### Activity
Write down the listing again exactly as it appears below, without its pictures.
──────── Information shown ────────
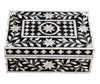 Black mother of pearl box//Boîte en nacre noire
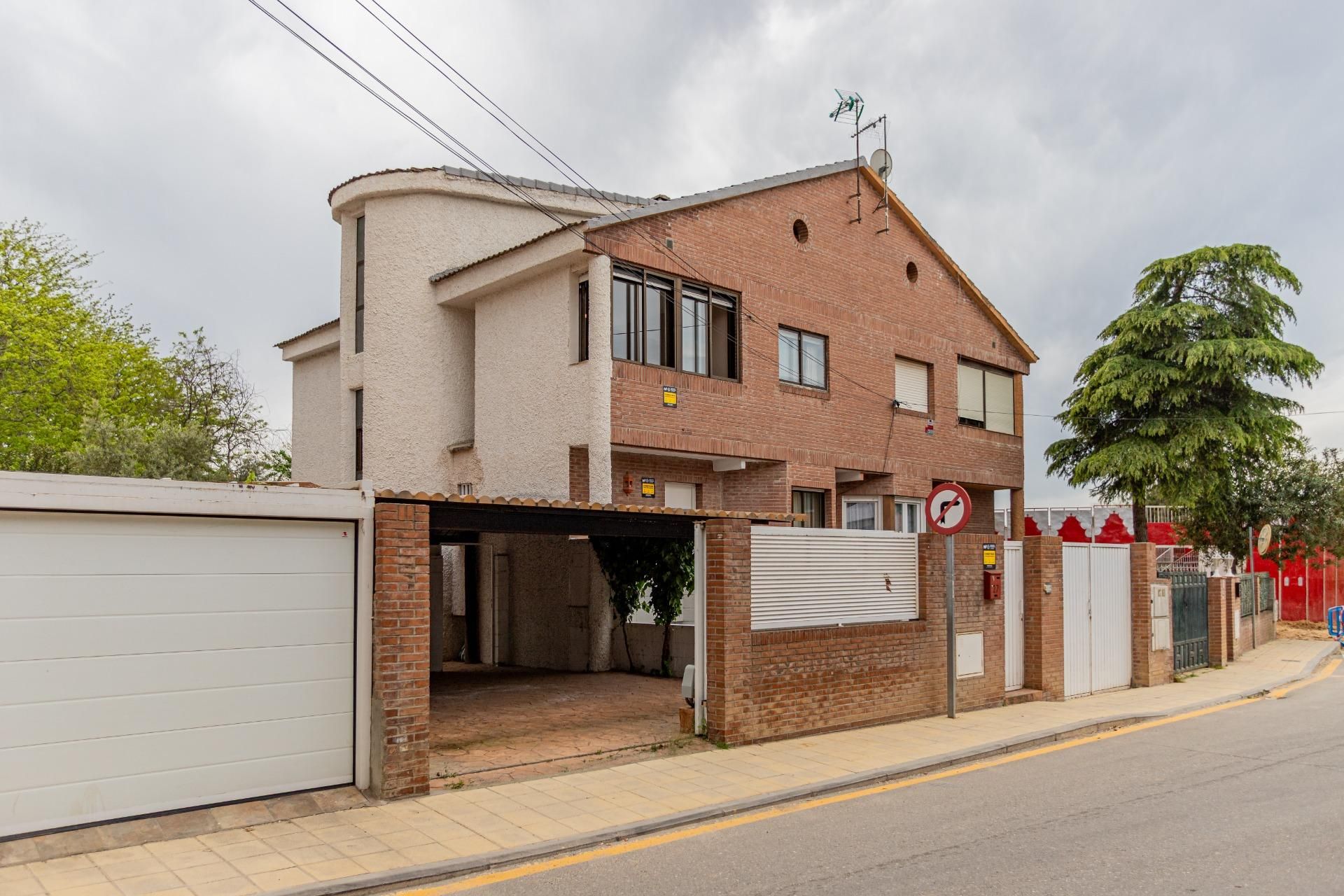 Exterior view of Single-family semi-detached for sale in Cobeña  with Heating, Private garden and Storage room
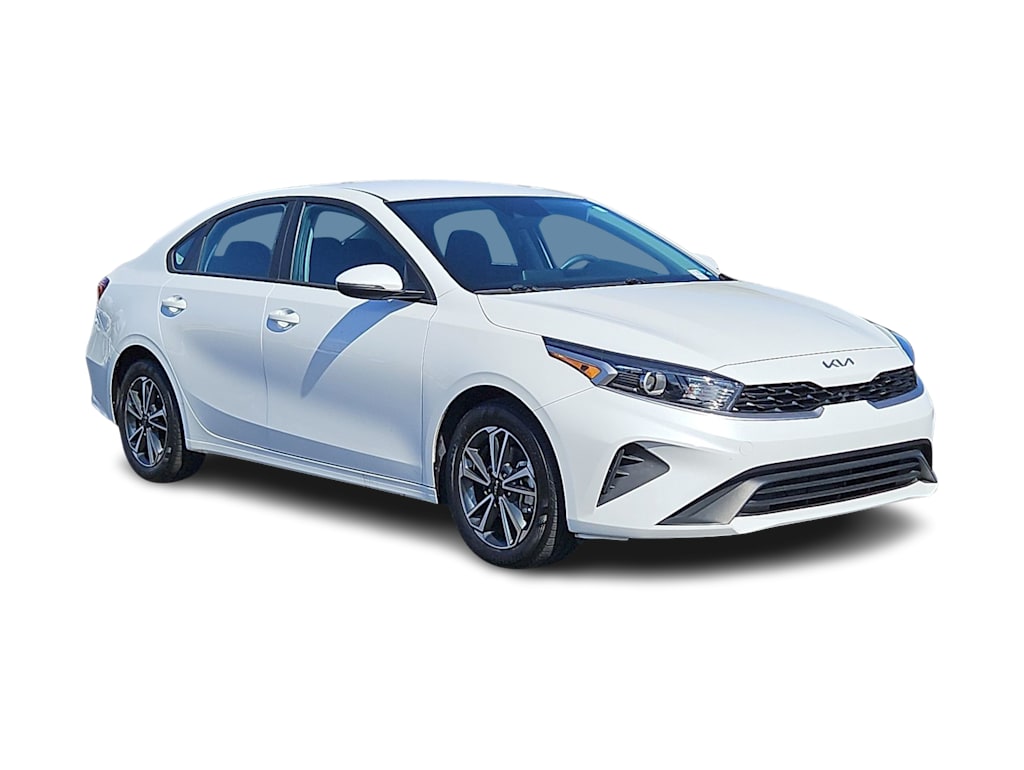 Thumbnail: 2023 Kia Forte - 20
────────
### Written answer
 Black mother of pearl box//Boîte en nacre noire
 Exterior view of Single-family semi-detached for sale in Cobeña  with Heating, Private garden and Storage room
 Thumbnail: 2023 Kia Forte - 20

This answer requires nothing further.